Bワン参入へ勝負の一年 さいたまブロンコスが新体制 観客・売り上げ増が課題

AI要約

さいたまブロンコスが新たな筆頭株主を迎え、Bリーグワンへの参入を目指す。

新シーズンに向けて、入場者数と売上高の増加を目指し、会場演出やアカデミー事業を強化。

ブロンコスは運営会社の株主が変わり、観客動員の増加や教育事業への取り組みを強化して未来に向け準備。

Bワン参入へ勝負の一年 さいたまブロンコスが新体制 観客・売り上げ増が課題

 創立43年の歴史を誇るプロバスケットボールチームが、大目標へ走り出す―。

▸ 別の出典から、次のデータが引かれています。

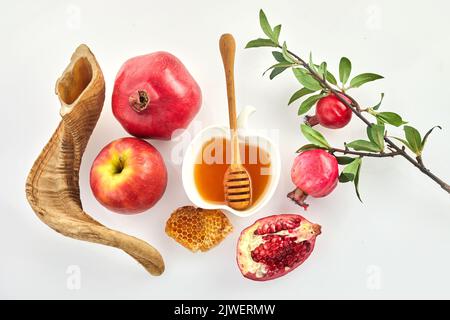 Rosh hashanah, concetto ebraico di vacanza di Capodanno. Melograno, mele e miele prodotti tradizionali per la celebrazione Foto Stock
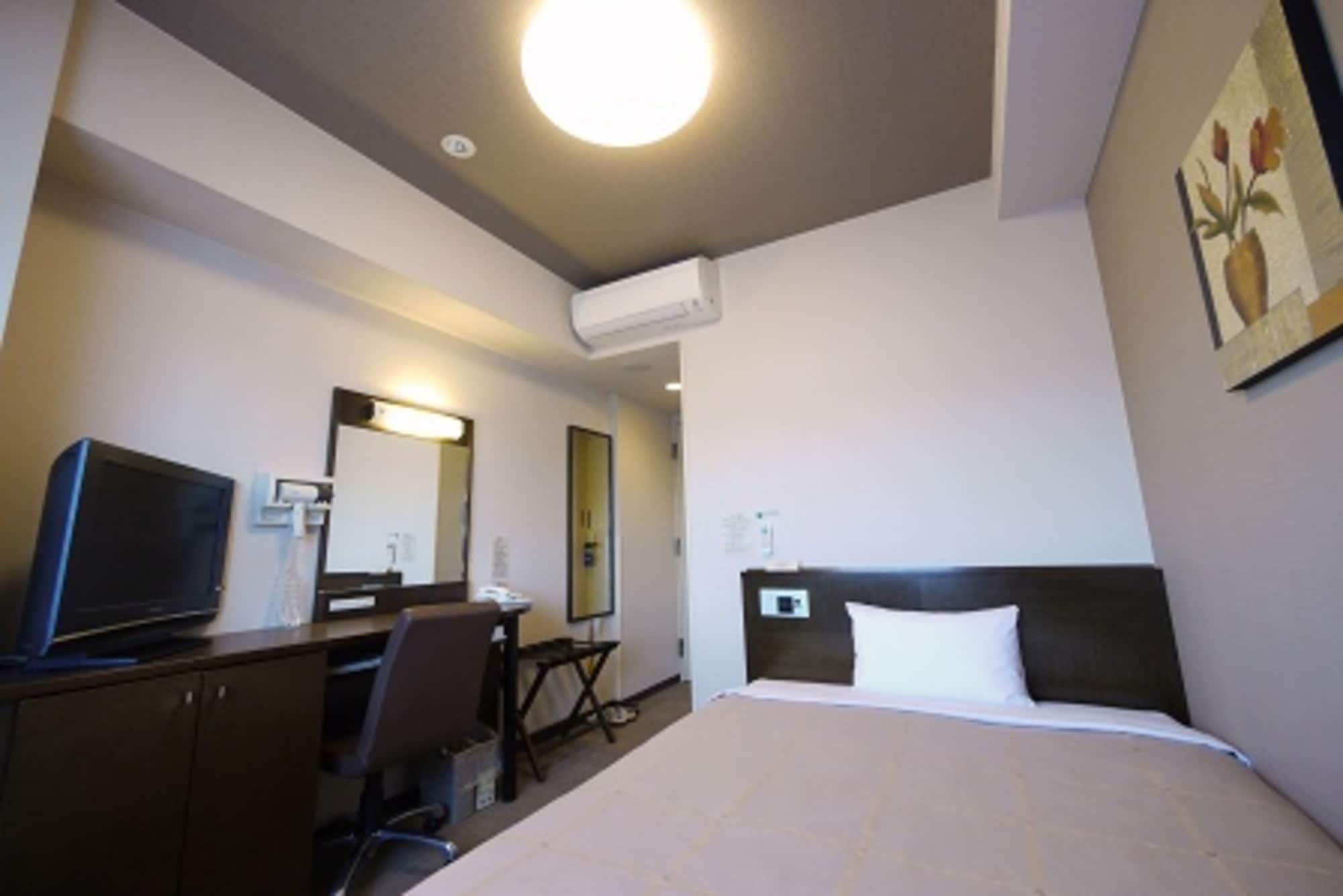 Hotel Route-Inn Higashimuroran Ekimae Exterior photo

Bリーグ3部の「さいたまブロンコス」(埼玉県さいたま市)は、新シーズンの開幕を前に不動産事業などを手がける「エーシークリエイト」(東京都渋谷区)が筆頭株主になったと発表した。2026シーズンからB2に相当する「Bリーグワン」参入条件となる平均入場者数と売上高の大幅増へ、照明や音響を駆使した会場演出、アカデミー事業を加速させるなど、より魅力があふれ、地域に愛されるクラブづくりを目指す。

 ■高いハードル

 Bリーグは26~27年シーズンからクラブが長期的な視野で事業投資ができる環境を整えるため、競技成績による昇降格を撤廃する新たなリーグに生まれ変わり、ブロンコスは2部に相当するBリーグワンへの参入を目標に掲げる。

 参入には1試合平均の入場者数2400人、売上高4億円などの条件を満たす必要がある。昨季、ブロンコスの入場者数の平均は1591人で仮ライセンス基準は達成。売上高は2億2千万円で、約2倍とハードルは高い。来年4月の初回審査へ、今季は勝負の一年となる。

 新たにオーナー企業となったエーシークリエイトは運営会社「ブロンコス20」の株式を77%保有する。同社は埼玉を含む1都3県を中心に不動産ビジネスを展開。加えて介護や農業、さいたま市岩槻区で青果卸売業などを手がける。

 ■熱気創出へ席増設

 同社の金谷裕基顧問(41)は「興行面で楽しんでもらえる仕掛けを」と意気込む。徹底できていなかった照明や音響の演出を見直し、臨場感や熱気あふれる雰囲気を創出。新たなファン獲得やリピーターにつなげたい構えだ。

 主な試合会場は浦和駒場体育館と所沢市民体育館。所沢は約4千席で昨季は歴代最高観客動員となる3726人を達成した。ただ、さいたま市内で6割以上、試合をしなければいけない規定があり本拠地の浦和駒場が約1500人しか収容できないのが課題。そこで今季は仮設席を毎試合設置し、最大で1800前後まで席を確保する予定だ。

 ■未来への土台

 同社が最大の魅力と着目しているのが、ユースチームの創設などのアカデミー事業を含む教育への取り組みだ。20年シーズンに20人だったスクール生は700人を超える見通し。パートナー企業や行政と連携したバスケクリニックの開催、試合に小中学生やミニバスチームを無料招待するほか、会場では地元ダンスチームが演技で盛り上げる。昨季ホームゲーム来場者の35%以上が小学生だったという。同社の金川彰社長(35)は「子どもたちにブロンコスの未来を担ってもらえるような土台を作っていきたい」と語る。

 今季が自力でB2昇格を決められる最後のチャンス。移籍1年目で主将を務める吉田健太郎選手(28)は「ファンの皆さんがワクワクするような試合をして勝ち続けることが一番。子どもたちに夢を与えるプレーを見せたい」。さらに「選手個々やチームがSNS(交流サイト)で周知することも積極的にやっていきたい」と、魅力発信を強化していくつもりだ。

 ブロンコスは27、28日の開幕節で新潟アルビレックスBBと戦う(所沢市民体育館)。

■さいたまブロンコス 2005年に発足した日本初のプロリーグ「bjリーグ」結成に参加した6チーム「オリジナル6」の一つ。長期にわたる経営不振とともに成績も低迷し、20年にクラブ運営体制を一新して拠点をさいたま市に移した。22年にスポーツ事業会社「スポーツストーリーズ」が株式を取得するとB3リーグで22~23年は43勝9敗でシーズン2位、23~24年は34勝18敗で同4位でともにプレーオフに進出し、B2昇格まであと一歩に迫った。本拠地は浦和駒場体育館、ホームタウンはさいたま市と所沢市。